■ WHAT THE TASK ASKS
Every line below between the line holding "للبيع كرايسلر كرفان 2008" and the line holding "للاستفسار *********** ☎️", inclusive, should be repeated exactly, and all other lines omitted.

(DATASET EXCERPTS Opens)

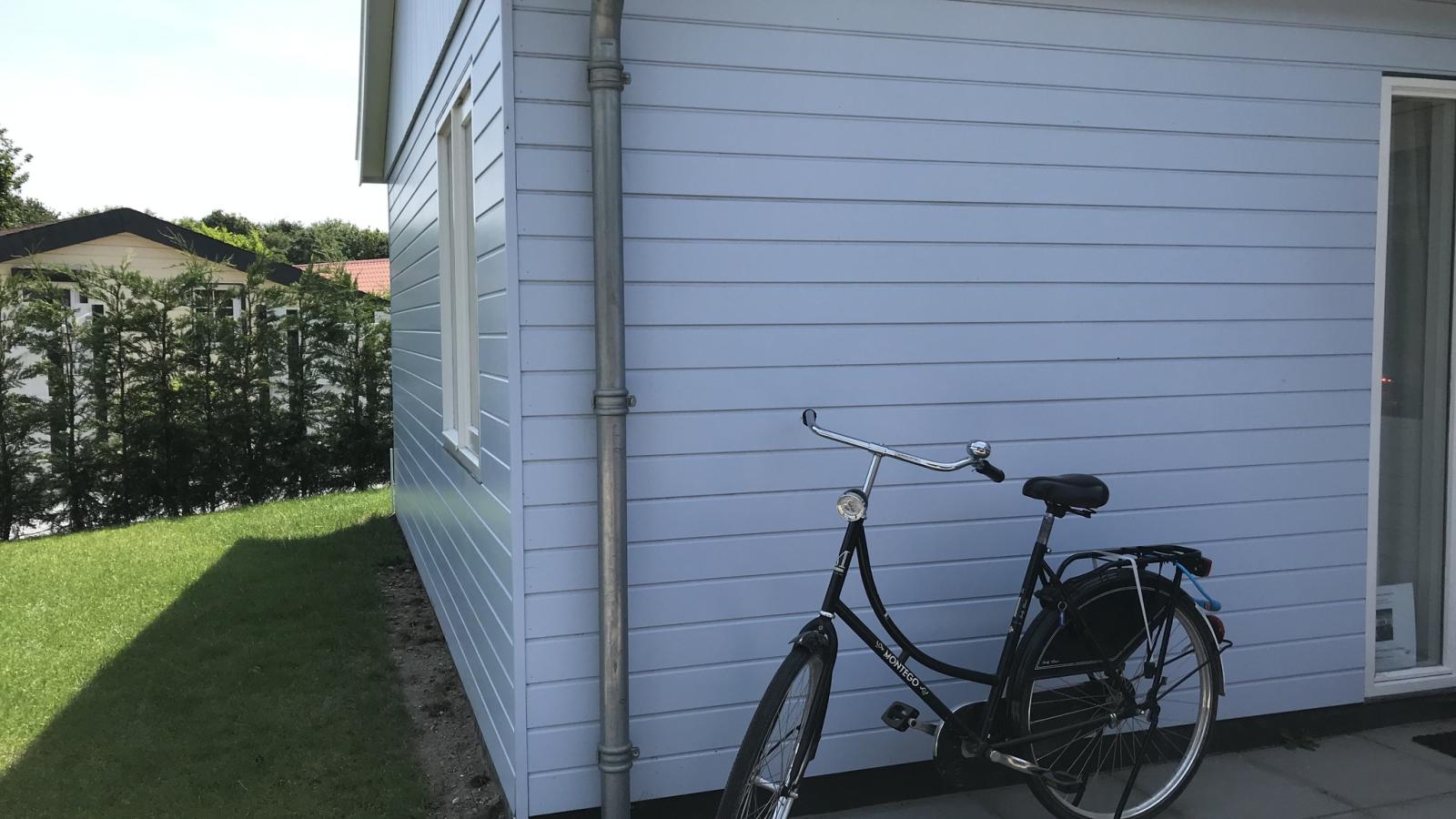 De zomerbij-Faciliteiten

(DATASET EXCERPTS Closes)
(DATASET EXCERPTS Opens)

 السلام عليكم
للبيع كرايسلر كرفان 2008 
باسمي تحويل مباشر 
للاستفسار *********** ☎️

(DATASET EXCERPTS Closes)
(DATASET EXCERPTS Opens)

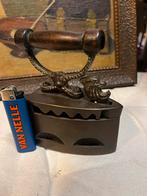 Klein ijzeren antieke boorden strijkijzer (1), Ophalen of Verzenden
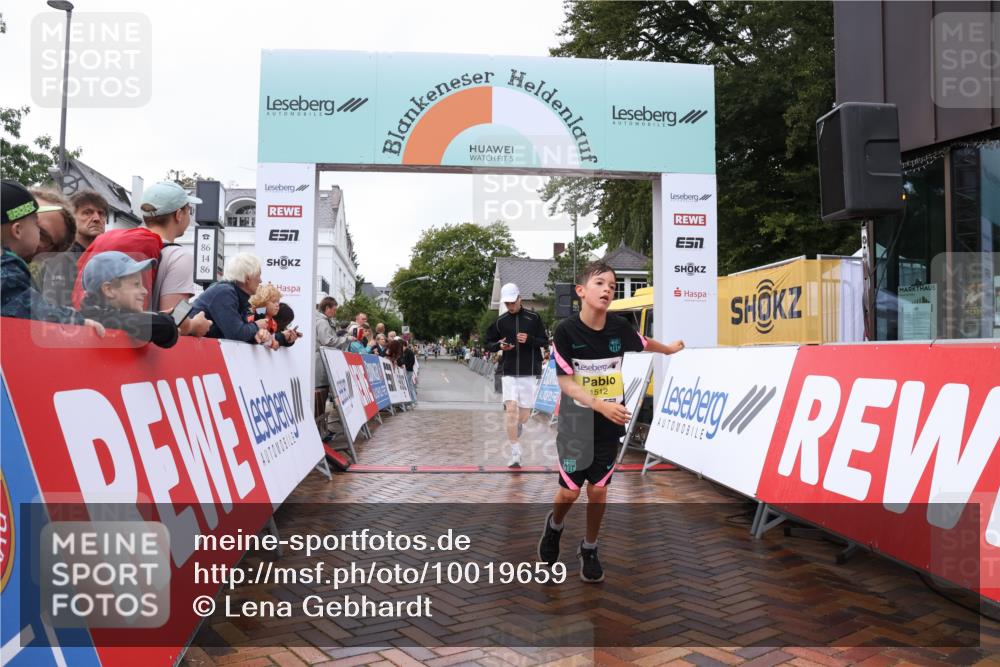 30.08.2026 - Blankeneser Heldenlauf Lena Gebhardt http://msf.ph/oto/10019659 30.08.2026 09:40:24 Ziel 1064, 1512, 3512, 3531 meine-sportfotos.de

(DATASET EXCERPTS Closes)

■ EXERCISE SOLUTION
للبيع كرايسلر كرفان 2008 
باسمي تحويل مباشر 
للاستفسار *********** ☎️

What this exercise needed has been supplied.